Определенными недостатками преципитации в гелях являются длительность проведения реакций и нечеткость результатов при невысоких концентрациях антигенов. С целью преодолеть эти недостатки во второй половине ХХ века были разработаны методы, сочетающие белковый электрофорез и иммунопреципитацию, которые получили общее название иммуноэлектрофорез. Помимо выигрыша во времени и повышения разрешающей способности такие методы дают возможность более четко отличить белковые антигены, имеющие одинаковые антигенные детерминанты, но отличающиеся по молекулярной массе. Для этого достаточно так называемого обычного иммуноэлектрофореза. Для его постановки изготавливают гель, в котором помимо обычных стартовых лунок готовят также желобок для сыворотки. Желобок располагают между дорожками в направлении от электрода к электроду, т. е. вдоль фронта движения белков. Гель из желобка не удаляют, чтобы не нарушать прохождение электрического тока во время фореза. Сначала в соответствующем буферном растворе проводят электрофорез образцов, анализируемых на присутствие искомого антигена. После снятия электрического поля пластинку геля переносят во влажную камеру, из желобка удаляют гель и вместо него вносят сыворотку или суспензию монокло-нальных антител.
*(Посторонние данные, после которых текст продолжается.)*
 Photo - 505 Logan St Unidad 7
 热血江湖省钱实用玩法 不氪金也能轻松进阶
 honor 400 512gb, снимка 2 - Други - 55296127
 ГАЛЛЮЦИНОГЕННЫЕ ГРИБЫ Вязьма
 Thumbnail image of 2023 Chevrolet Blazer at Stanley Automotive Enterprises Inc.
Описанные выше варианты иммуноэлектрофореза позволяют выявить антиген, но не определить его количество. Количественным методом (фактически модификацией иммунодиффузии по Mанчини) является так называемый ракетный иммуноэлектрофорез. Для его постановки в охлажденный до 50°С гелеобразующий раствор вносят подогретую до такой же температуры сыворотку с таким расчетом, чтобы она составляла 1-5 % геля, перемешивают и готовят пластинку геля. После внесения в лунки антигенов проводят электрофорез, условия которого подбирают так, чтобы максимально ограничить смещение молекул антител в электрическом поле (чаще всего используют барбиталовый буфер с рН 8,6 и низкое напряжение). Время электрофореза должно обеспечить выход всех молекул антигена из лунки в гель и вхождение их в состав преципитата, обычно это происходит в течение двух часов. Преципитаты в таких условиях образуются в зонах по ходу движения антигена, которые имеют форму вытянутого конуса (ракеты). Длина зоны образования преципитата пропорциональна концентрации антигена, что дает возможность, измерив длину «ракеты» и используя специально построенный калибровочный график, определить количество антигена в пробе.
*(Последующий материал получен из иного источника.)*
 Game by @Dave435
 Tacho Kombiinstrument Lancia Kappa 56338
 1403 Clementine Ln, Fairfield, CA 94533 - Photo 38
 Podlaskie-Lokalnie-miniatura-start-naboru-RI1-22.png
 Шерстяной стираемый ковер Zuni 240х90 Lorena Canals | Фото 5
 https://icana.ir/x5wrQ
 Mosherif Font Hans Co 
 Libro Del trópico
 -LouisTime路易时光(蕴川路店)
Вариантом ракетного иммуноэлектрофореза является так называемый перекрестный электрофорез. Для его постановки готовят обычной гель и проводят обычный электрофорез анализируемой пробы. При этом используют одну пробу и лунку располагают у одного из краев пластинки. После проведения электрофореза часть пластинки (около 4/5 от исходного размера) отрезают и удаляют, оставляя только ту часть, в которой находится дорожка первого электрофореза. Затем в ту же камеру заливают гелеобразующий раствор с сывороткой так, чтобы оставшийся участок пластинки объединился с новым, содержащим сыворотку, гелем. Меняют положение пластинки (или электродов) так, чтобы направление движения антигенов было перпендикулярным тому, которое было при первом форезе, и проводят второй форез в условиях, как для ракетного.